==== GIVEN RECORDS ====
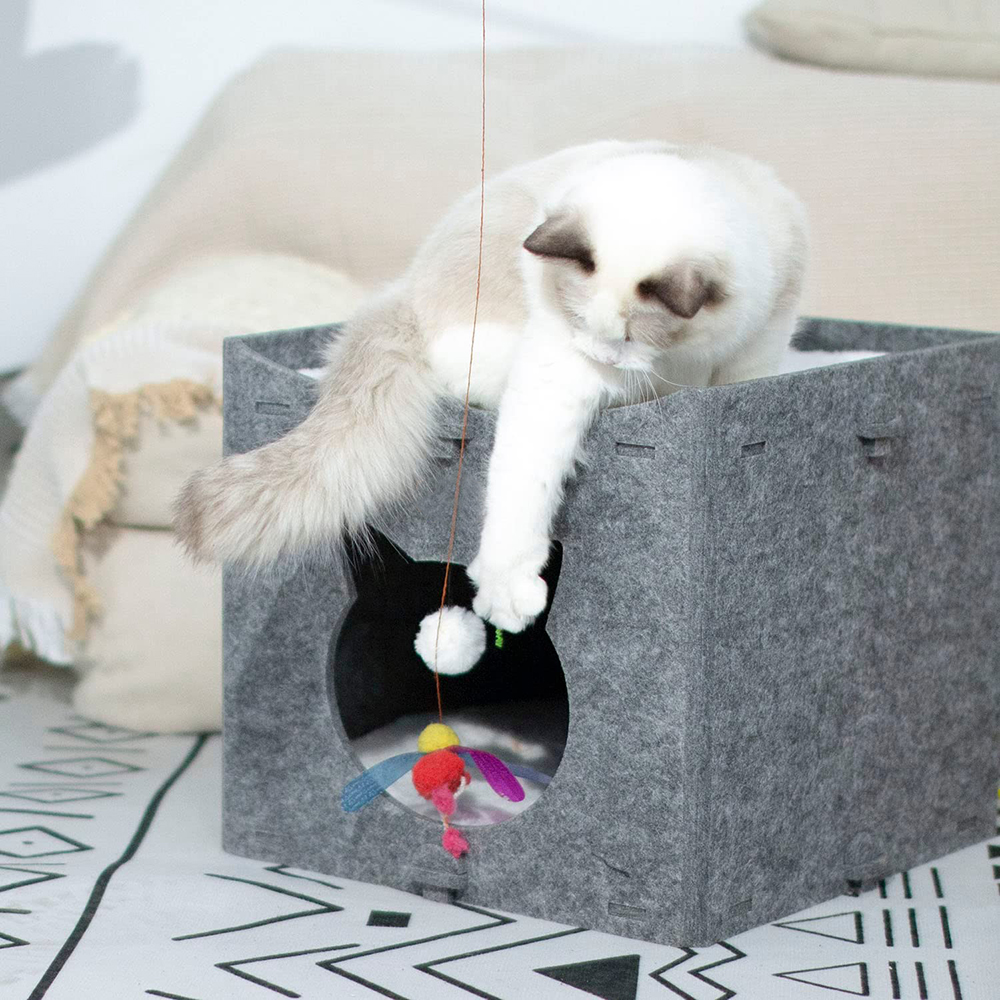 Factory Direct Premium Cozy Foldable Polyester Felt Material Large Cat Bed & Cave for Indoor Kittens Multiple Pets Playing with Scratch Resistant Hideaway Tunnel, BSCI Audited OEM/Custom Logo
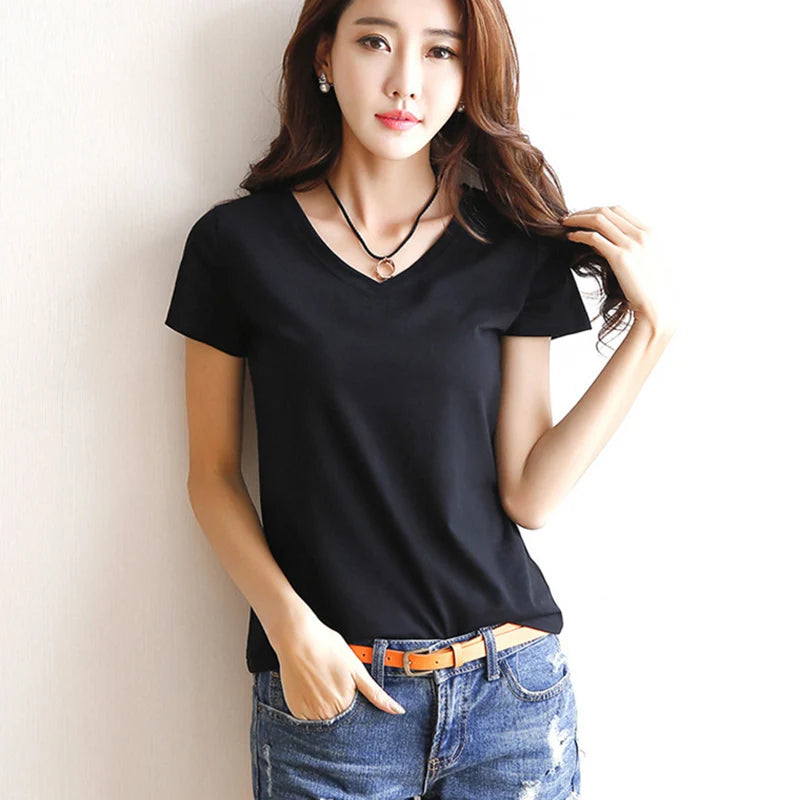 Women's Slim Fit Round and V Neck T-Shirts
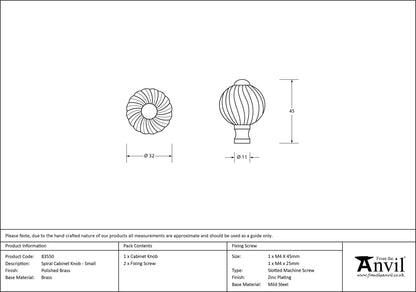 SPIRAL CABINET KNOB 32x45 PBR - 83550 by MARCHES (ANVIL) ARCHITECTURAL HARDWARE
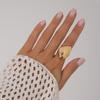 Anillo de metal liso con textura femenina, forma de gota de agua, abierto, con forma de huevo, para Europa y Estados Unidos.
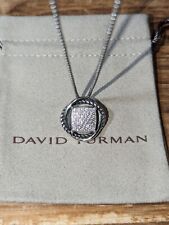 David Yurman Sterling Silver Infinity Pendant 14mm W/ Pave Diamonds Necklace 18' picture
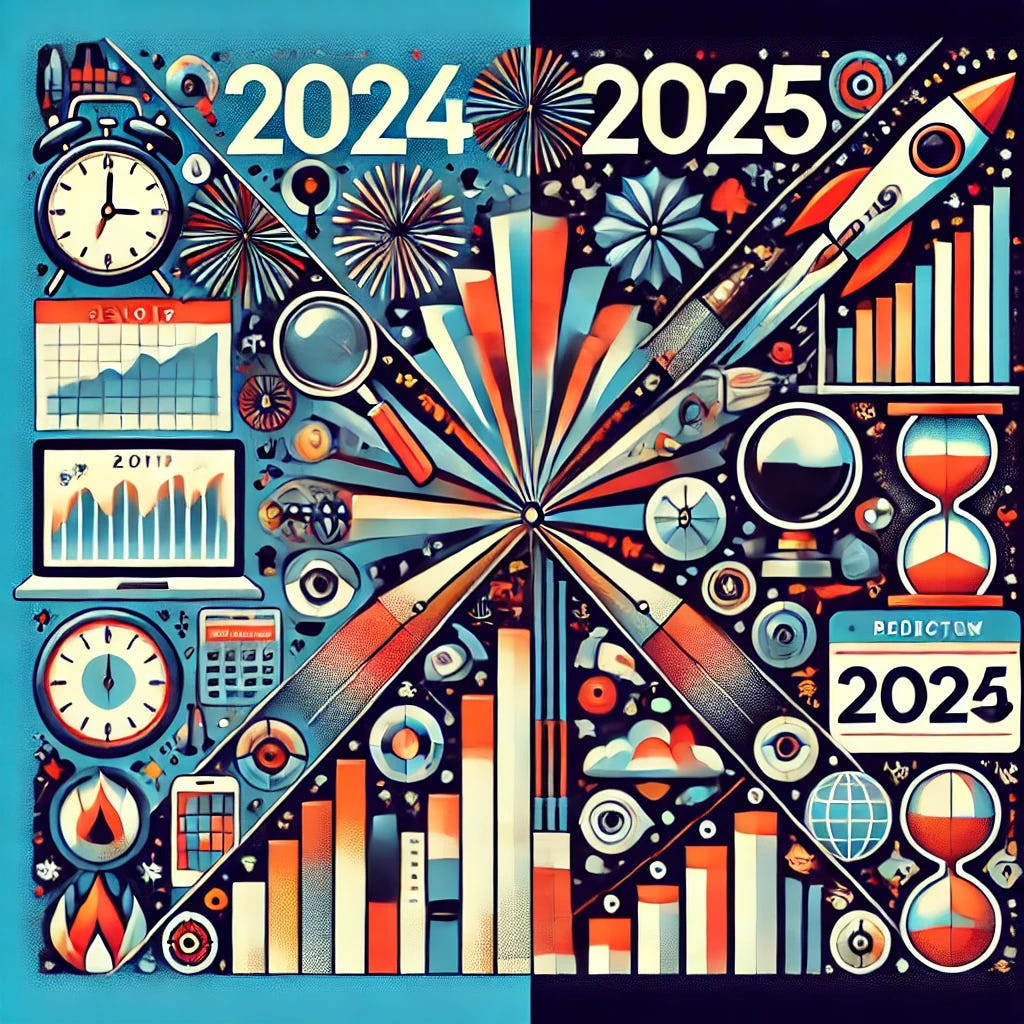 A modern, symmetrical, and visually striking digital artwork divided into two halves. On the left side, a collage of images and icons symbolizing reviews of the past year, including graphs, calendars, magnifying glasses, celebratory fireworks, and retrospective items like a clock and a '2024' banner. On the right side, a contrasting collage symbolizing predictions for the year ahead, featuring futuristic elements like crystal balls, upward-trending graphs, rockets, digital screens, and a bold '2025' banner. The style is bold, clean, and colorful, with a balance of symmetry and dynamic energy.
====
_THE PROBLEM_
Write out exactly the lines that run from the top of the listing above to the line containing "David Yurman Sterling", both ends included. Omit every picture.

_COMPLETED EXERCISE_
 Factory Direct Premium Cozy Foldable Polyester Felt Material Large Cat Bed & Cave for Indoor Kittens Multiple Pets Playing with Scratch Resistant Hideaway Tunnel, BSCI Audited OEM/Custom Logo
 Women's Slim Fit Round and V Neck T-Shirts
 SPIRAL CABINET KNOB 32x45 PBR - 83550 by MARCHES (ANVIL) ARCHITECTURAL HARDWARE
 Anillo de metal liso con textura femenina, forma de gota de agua, abierto, con forma de huevo, para Europa y Estados Unidos.
 David Yurman Sterling Silver Infinity Pendant 14mm W/ Pave Diamonds Necklace 18' picture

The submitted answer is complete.